The mounting of the input HEMT device is unusual in that rather than the source leads being soldered directly to the PCB earth plane in order to obtain minimum inductance, the leads are raised up above the PCB with small inductances connected to ground to provide some series negative feedback which optimise the noise figure. There are also small inductances in the gate input circuit to improve the input match and in the drain lead to optimise the output match. The profile of the HEMT looks rather like a small praying mantis insect sitting on the PCB!
Sam reported some impressive repeatability statistics for noise figure varying from a minimum of 0.2dB to a maximum of 0.3dB over a sample size of 25 units. Sample measurements have been verified with NF measurements taken at various EME conferences.
More information is available on Sam’s website at www.g4ddk.com
The final paper was delivered by Brian Colemore, G3NNS who described some of the more recent weak signal modes such as WSJT and JT65 etc. now available for use via a PC and sound card for the enhancement of weak signals. These modes employ DSP techniques and waterfall displays for Troposcatter or EME or JT6M for Meteor Scatter which will reliably decode data signals many decibels below the noise floor and use multi-tone encoding with FEC or forward error correction. These methods allow decoding even when the signal is so weak that it cannot be distinguished by ear alone.

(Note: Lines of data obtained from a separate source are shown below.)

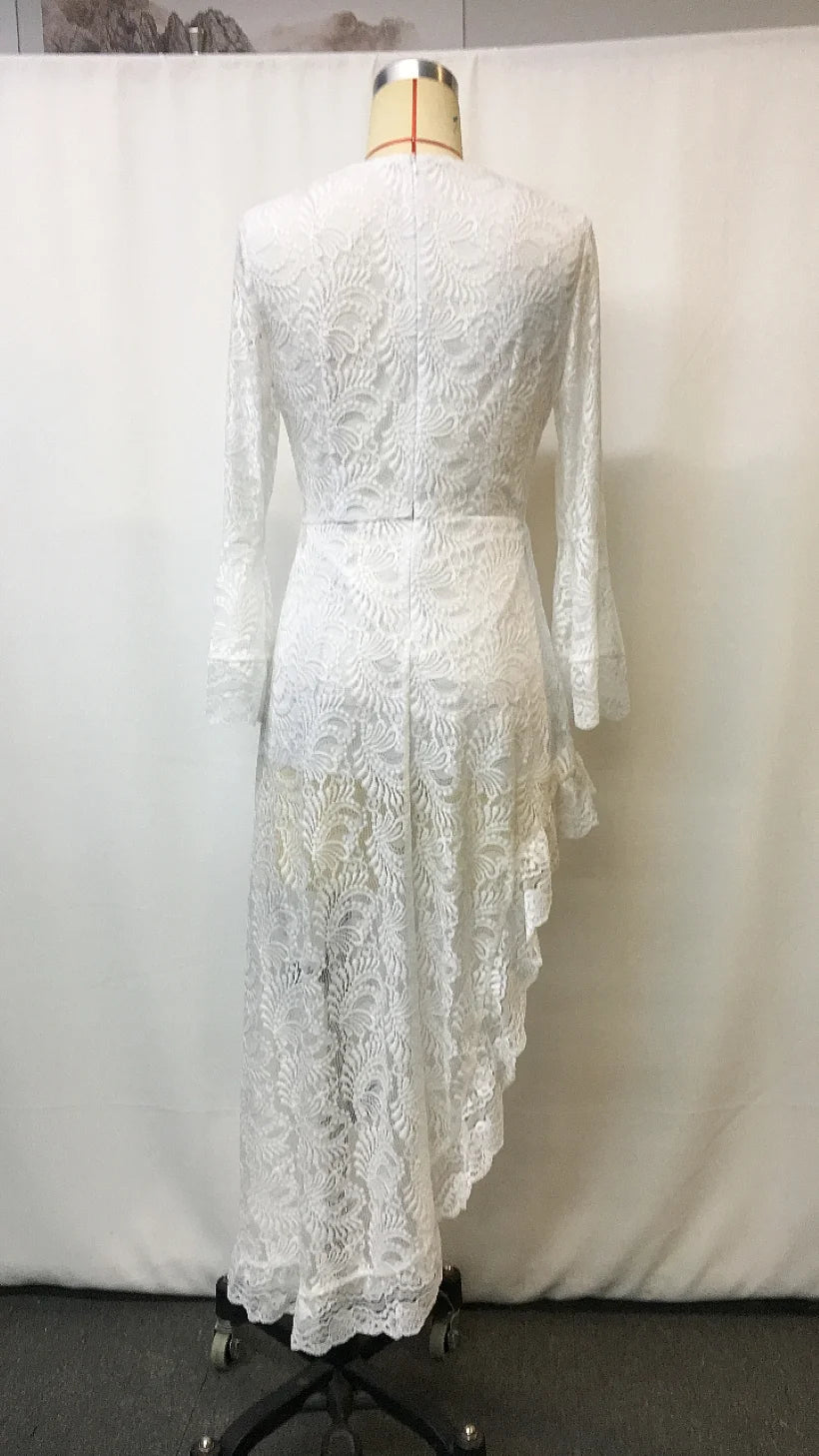 LIZAKOSHT  -  Coachella Music Festival Dress Women's Floral Leopard Polka Dot Lace Vintage Party Dress Rock Rave Ruffled Mini Dress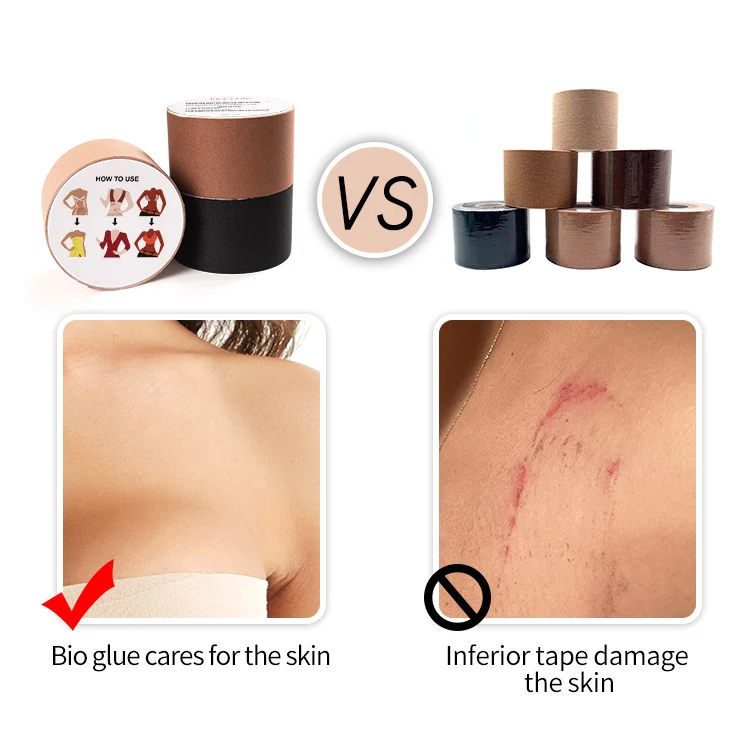 Bio Glue Push up Boob Tape Hypoallergenic Nipple Pasties Self Adhesive Breast Lift Tape Kinesiology Tape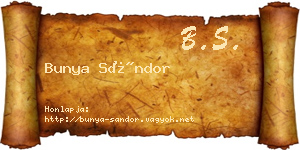 Bunya Sándor névjegykártya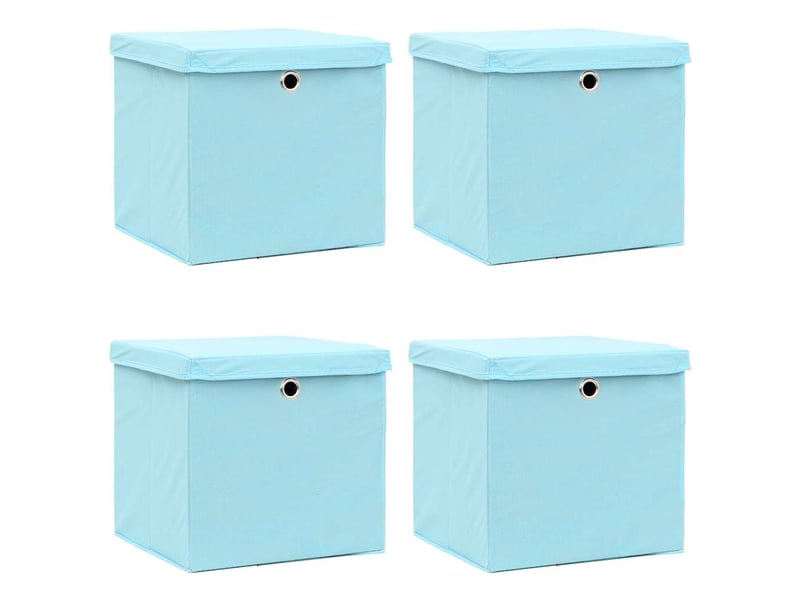 Boîtes de rangement avec couvercles 4 pcs 28x28x28cm bleu azuré  - Conforama B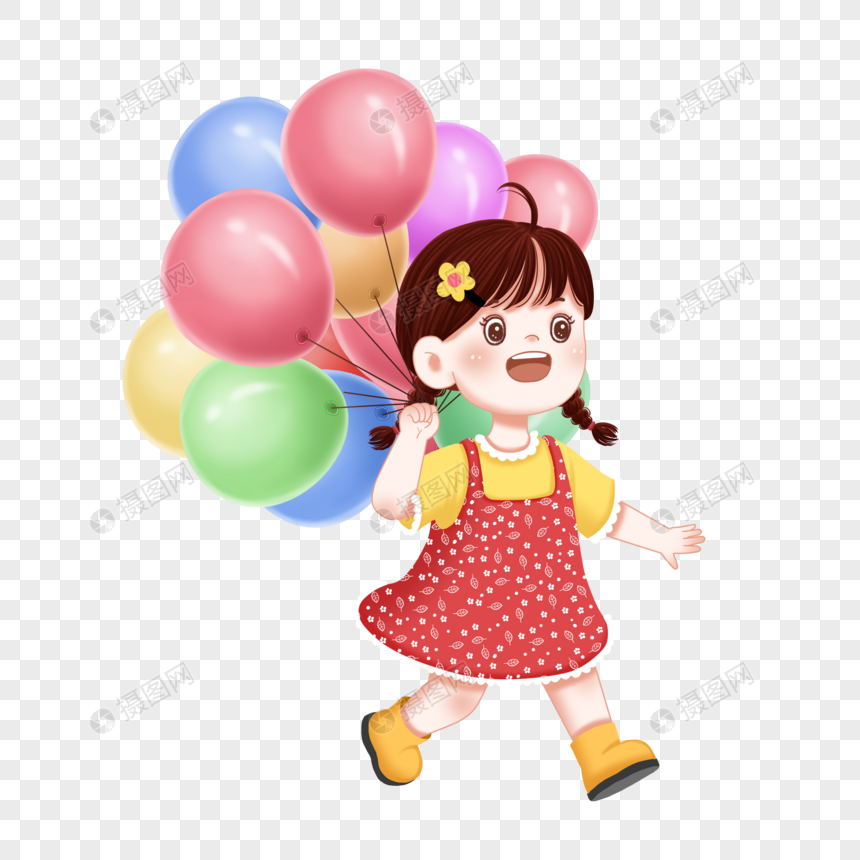 儿童节拿着气球的小女孩卡通人物图片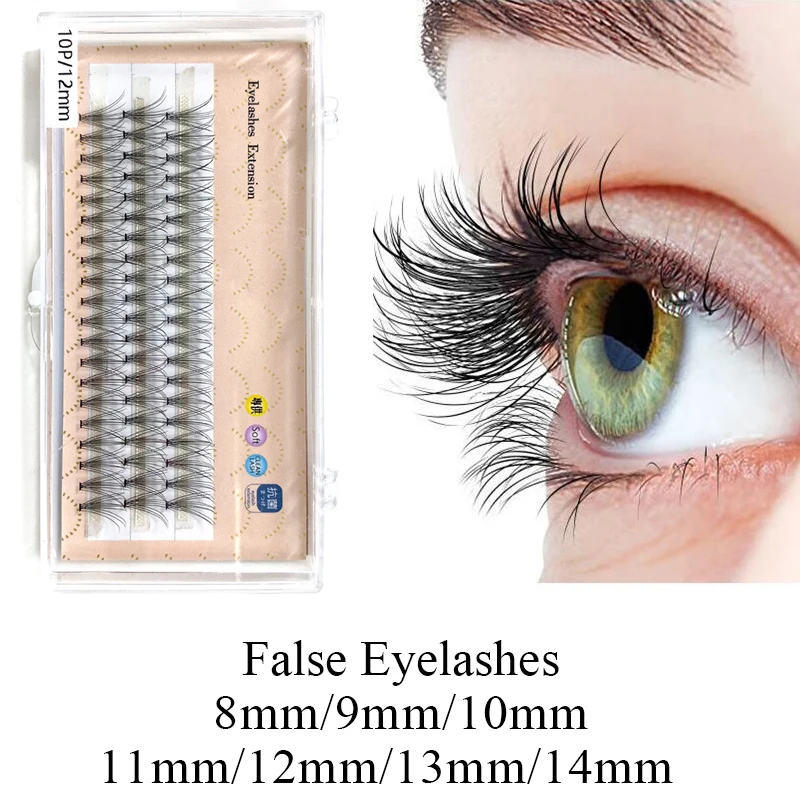 

60 Cluster False Eyelashes Lash Grafting Extension 10D Individual Volume Fake Lash Natural Faux Mink DIY Beauty New Eye Makeup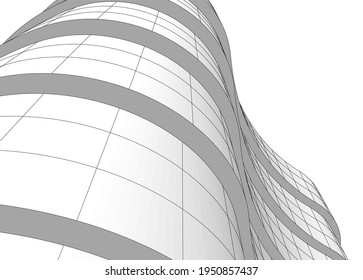 dibujo arquitectónico abstracto vista 3d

Earlier weak signal modes developed for VLF using very slow morse (QRSS) do not cope with the slowly changing propagation effects experienced such as with EME or with burst-mode propagation as with meteor scatter.
The Round Table formally closed at around 17-00 and judging by the closing comments made by the departing participants, was felt to be an enjoyable and successful event.
One piece of post-meeting feedback was that unfortunately there had been major accident eastbound on the M23/M25 causing long tailbacks and several hours delay for our guests starting from almost immediately after their exit from the Club.
Fortunately for your scribe, realising that the A23 was already blocked northbound from Cheals roundabout, my driver managed to turn immediately right at the Football Stadium roundabout and went up through the town thus avoiding all the local blockage!
Note: the date for the 2011 Roundtable has already been provisionally set for Sunday 11th Sept 2011- Put it in your Diary.